# Provided records
****************************************
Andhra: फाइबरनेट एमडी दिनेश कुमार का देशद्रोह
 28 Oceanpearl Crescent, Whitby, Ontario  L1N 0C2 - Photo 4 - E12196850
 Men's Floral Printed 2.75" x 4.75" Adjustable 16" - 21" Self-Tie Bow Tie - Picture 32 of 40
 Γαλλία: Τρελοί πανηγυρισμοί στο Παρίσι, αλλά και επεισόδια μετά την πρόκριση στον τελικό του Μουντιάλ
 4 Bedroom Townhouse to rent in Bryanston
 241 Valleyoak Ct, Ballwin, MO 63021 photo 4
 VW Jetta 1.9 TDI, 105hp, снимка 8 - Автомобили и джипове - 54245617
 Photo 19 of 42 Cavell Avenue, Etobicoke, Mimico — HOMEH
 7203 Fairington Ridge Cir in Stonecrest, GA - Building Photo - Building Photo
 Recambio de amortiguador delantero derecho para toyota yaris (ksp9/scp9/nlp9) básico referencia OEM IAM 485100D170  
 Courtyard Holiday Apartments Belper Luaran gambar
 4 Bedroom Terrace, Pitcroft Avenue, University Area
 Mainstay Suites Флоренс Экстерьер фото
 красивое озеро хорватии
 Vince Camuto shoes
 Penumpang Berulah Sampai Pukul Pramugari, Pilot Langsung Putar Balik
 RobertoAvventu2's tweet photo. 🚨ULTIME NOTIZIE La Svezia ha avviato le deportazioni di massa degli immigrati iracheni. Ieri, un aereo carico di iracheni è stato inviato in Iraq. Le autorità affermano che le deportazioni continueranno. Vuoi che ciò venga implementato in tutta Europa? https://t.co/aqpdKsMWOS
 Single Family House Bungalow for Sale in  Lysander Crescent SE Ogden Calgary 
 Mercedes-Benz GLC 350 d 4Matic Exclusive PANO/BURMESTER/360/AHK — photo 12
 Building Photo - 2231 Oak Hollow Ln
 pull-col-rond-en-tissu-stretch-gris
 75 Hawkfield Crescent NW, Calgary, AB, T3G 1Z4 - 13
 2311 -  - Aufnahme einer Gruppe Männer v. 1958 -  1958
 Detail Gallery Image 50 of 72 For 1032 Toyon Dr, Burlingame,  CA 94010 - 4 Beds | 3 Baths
****************************************
# About this exercise
Each line in the material above should be repeated exactly.

# Response below
Andhra: फाइबरनेट एमडी दिनेश कुमार का देशद्रोह
 28 Oceanpearl Crescent, Whitby, Ontario  L1N 0C2 - Photo 4 - E12196850
 Men's Floral Printed 2.75" x 4.75" Adjustable 16" - 21" Self-Tie Bow Tie - Picture 32 of 40
 Γαλλία: Τρελοί πανηγυρισμοί στο Παρίσι, αλλά και επεισόδια μετά την πρόκριση στον τελικό του Μουντιάλ
 4 Bedroom Townhouse to rent in Bryanston
 241 Valleyoak Ct, Ballwin, MO 63021 photo 4
 VW Jetta 1.9 TDI, 105hp, снимка 8 - Автомобили и джипове - 54245617
 Photo 19 of 42 Cavell Avenue, Etobicoke, Mimico — HOMEH
 7203 Fairington Ridge Cir in Stonecrest, GA - Building Photo - Building Photo
 Recambio de amortiguador delantero derecho para toyota yaris (ksp9/scp9/nlp9) básico referencia OEM IAM 485100D170  
 Courtyard Holiday Apartments Belper Luaran gambar
 4 Bedroom Terrace, Pitcroft Avenue, University Area
 Mainstay Suites Флоренс Экстерьер фото
 красивое озеро хорватии
 Vince Camuto shoes
 Penumpang Berulah Sampai Pukul Pramugari, Pilot Langsung Putar Balik
 RobertoAvventu2's tweet photo. 🚨ULTIME NOTIZIE La Svezia ha avviato le deportazioni di massa degli immigrati iracheni. Ieri, un aereo carico di iracheni è stato inviato in Iraq. Le autorità affermano che le deportazioni continueranno. Vuoi che ciò venga implementato in tutta Europa? https://t.co/aqpdKsMWOS
 Single Family House Bungalow for Sale in  Lysander Crescent SE Ogden Calgary 
 Mercedes-Benz GLC 350 d 4Matic Exclusive PANO/BURMESTER/360/AHK — photo 12
 Building Photo - 2231 Oak Hollow Ln
 pull-col-rond-en-tissu-stretch-gris
 75 Hawkfield Crescent NW, Calgary, AB, T3G 1Z4 - 13
 2311 -  - Aufnahme einer Gruppe Männer v. 1958 -  1958
 Detail Gallery Image 50 of 72 For 1032 Toyon Dr, Burlingame,  CA 94010 - 4 Beds | 3 Baths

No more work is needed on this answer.